Still, with the May 28 Champions League final at Wembley and the 2012 Olympics on the horizon, British authorities aren't taking any chances. After Marriner's sentencing, police officials move outside the courthouse for interviews. Over and over, their message is the same: If you come to the matches intending violence, there is every likelihood you will be filmed and caught.

Listening to them, Corkrey shrugs his shoulders. He put himself on the line to change his city's reputation. But now, with his son in jail, he feels more used than useful. "What my son did was wrong," he admits. "But the punishment should fit the crime."

He's asked what he thinks about the argument that these stiff sentences are necessary to stamp out the final embers of soccer violence.

"Hooliganism is an illness," he says. "It may be in remission, but it can come back at any time."

Shaun Assael is a senior writer for ESPN The Magazine.

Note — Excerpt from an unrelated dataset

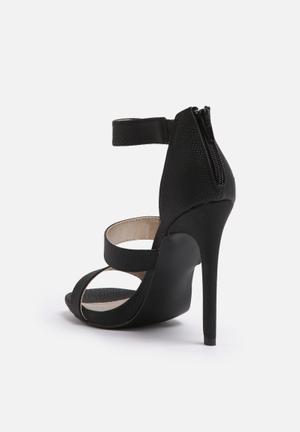 black heels with diamonds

Re: How a US reporter viewed the Chelsea trials

Wed Jun 08, 2011 4:59 pm

Well written Corky. The bit I picked up is why do we have to liaise with police when we were all set-up by the police at Chelsea by letting the fans out together and the sentences didnt fit the crimes (Pedos now getting warnings - throw a punch at football and get jailed). Its time not to liaise with the police anymore and get back to the transit vans and mini buses in protest by going on away trips to various bars in the city centre and not informing the police. A lot of people would not disagree but thats my view. I never trust the police. :o :o :o

Re: How a US reporter viewed the Chelsea trials

Wed Jun 08, 2011 5:19 pm

I think I may go and watch my football in Poland from next season!

Re: " How a US Reporter Viewed the Chelsea/Cardiff Trials "

Wed Jun 08, 2011 6:59 pm

Thanks Paul for giving us that insight into how the events in Chelsea were perceived by outsiders. This quite possiibly will be the incident that killed off hooliganism once and for all but with trips to WHU, Brighton and Soton to come next season I doubt it will be! Every one of us knows the score so lets hope a corner has been turned.

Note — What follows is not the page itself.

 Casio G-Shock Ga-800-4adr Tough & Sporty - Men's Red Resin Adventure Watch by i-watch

Re: " How a US Reporter Viewed the Chelsea/Cardiff Trials "

Wed Jun 08, 2011 7:10 pm

I don't think we will ever see total trouble free games especially derby matches....not talking about Cardiff but fans in general...there is so much rivalry in football...United and Leeds or West Ham Millwall, Brum and Villa, Stoke and Wolves etc etc.

The Americanisation of the item is funny in parts and his misunderstanding of how we tried to turn things around at Cardiff but although there are a few errors it gives an alternative view on things and does not point all the blame on the fans.

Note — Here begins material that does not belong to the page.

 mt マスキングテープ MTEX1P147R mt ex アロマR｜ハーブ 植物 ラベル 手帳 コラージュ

Re: " How a US Reporter Viewed the Chelsea/Cardiff Trials "

Wed Jun 08, 2011 7:18 pm

Very well put, makes you wake up and smell the coffee.... :ayatollah: :ayatollah:

Re: " How a US Reporter Viewed the Chelsea/Cardiff Trials "

Wed Jun 08, 2011 7:52 pm

2 fixtures next year stick out in my mind, as i'm sure they do in everyone else's:

West Ham vs Millwall
Millwall vs West Ham

Re: " How a US Reporter Viewed the Chelsea/Cardiff Trials "

Wed Jun 08, 2011 8:08 pm

enjoyed that. great read :ayatollah:

Re: " How a US Reporter Viewed the Chelsea/Cardiff Trials "

Wed Jun 08, 2011 8:30 pm

A good account in my opinion!

Re: " How a US Reporter Viewed the Chelsea/Cardiff Trials "

Wed Jun 08, 2011 9:36 pm

A good read.
Its exactly what I thought at the time of the Chelsea game. The whole thing stunk of a set-up.

Its obvious they just wanted to get another load of us out of the way for a couple of years. :evil:

Re: " How a US Reporter Viewed the Chelsea/Cardiff Trials "

Thu Jun 09, 2011 1:47 am

Good read that one Corky boy.














:old: AND SLEEPLESS IN CANTON. :lol: :lol: :lol:

Re: " How a US Reporter Viewed the Chelsea/Cardiff Trials "

Thu Jun 09, 2011 7:13 am

Very interesting. Not too much wrong with it considering he's a Yank and has no idea what our old bill and the vermin who plagued football for years in this country are like.

Re: " How a US Reporter Viewed the Chelsea/Cardiff Trials "

Thu Jun 09, 2011 8:13 am

A good read that. Very Americanised though. But to put it bluntly it was a set up by the Police and authorities full stop.